Pourquoi le nouveau dirigeant de la Syrie se présente désormais sous son nom de naissance, al-Chareh, à la place d'al-Joulani

Le leader syrien a passé des années sous un pseudonyme, Abou Mohammed al-Joulani, qu'il avait adopté lorsqu'il a pris les armes avec les jihadistes au début des années 2000.
Article rédigé par Clémentine Sabrié
Radio France
Publié
Temps de lecture : 4min
Ahmed al-Chareh (au centre) lors d'une rencontre avec le ministre des Affaires étrangères ukrainiens, le 30 décembre, à Damas, en Syrie. (BAKR ALKASEM / AFP)

C'est le nouvel homme fort de la Syrie post-Bachar al Assad : Ahmad al-Chareh ou, comme il se faisait encore appeler jusqu'à récemment, Abou Mohammed al-Joulani. Le nouveau dirigeant se présente depuis le 5 décembre sous son nom de naissance, qu'il avait abandonné en prenant les armes avec les jihadistes au début des années 2000. Un changement de nom symbolique pour un leader en quête de respectabilité et de légitimité sur la scène internationale.

Un changement de nom quand il s'engage aux côtés d'Al-Qaïda en Irak

Né en 1982, Ahmed al-Chareh a grandi à Mazzé, un quartier de Damas. Après avoir tenté des études de médecine et d'arabe littéraire, il s'engage aux côtés d'Al-Qaïda en Irak, en 2003, au début de la guerre d'Irak. C'est à ce moment-là qu'il change de nom, en adoptant une "kunya". Ce procédé traditionnel de la culture arabe consiste à se nommer comme "père de" (abou) ou "mère de" (oumm), en ajoutant le nom de son enfant. Il est aussi utilisé par les personnes souhaitant entrer dans la clandestinité, comme les jihadistes. La kunya sert alors de nom de guerre, souvent choisi en référence à un lieu ou à un personnage historique.

Un nom de guerre en référence au plateau du Golan

Ahmad al-Chareh choisit alors de s'appeler Abou Mohammed al-Joulani, ce qui signifie "du Golan". Un nom de guerre en référence à ce plateau syrien dont sa famille a été chassée, en 1967, quand Israël a conquis la région, expliquait-il dans une interview donnée à la chaîne américaine PBS, en 2021.
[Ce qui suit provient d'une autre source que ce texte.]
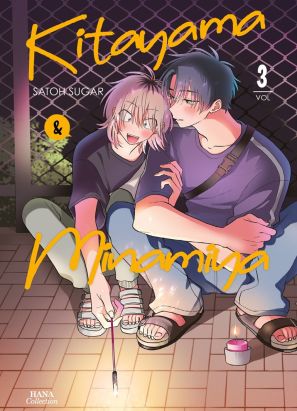 Kitayama et Minamiya tome 3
En changeant de nom, il acte donc son entrée dans la mouvance jihadiste. Il le gardera au fil de ses changements de groupes islamistes, passant d'Al-Qaïda à l'organisation État islamique, puis au Front al-Nosra et au Front Fatah al-Cham, avant de fonder le mouvement Hayat Tahir al-Sham (HTS), en 2017. Cette nouvelle organisation est à l'origine de l'offensive rebelle qui a conduit à la chute de Bachar al-Assad en douze jours.

Le 5 décembre, alors qu'un gouvernement de transition est nommé par HTS en Syrie, Abou Mohammed al-Joulani abandonne son identité clandestine jihadiste : il signe un message sur Telegram "commandant Ahmed al-Chareh".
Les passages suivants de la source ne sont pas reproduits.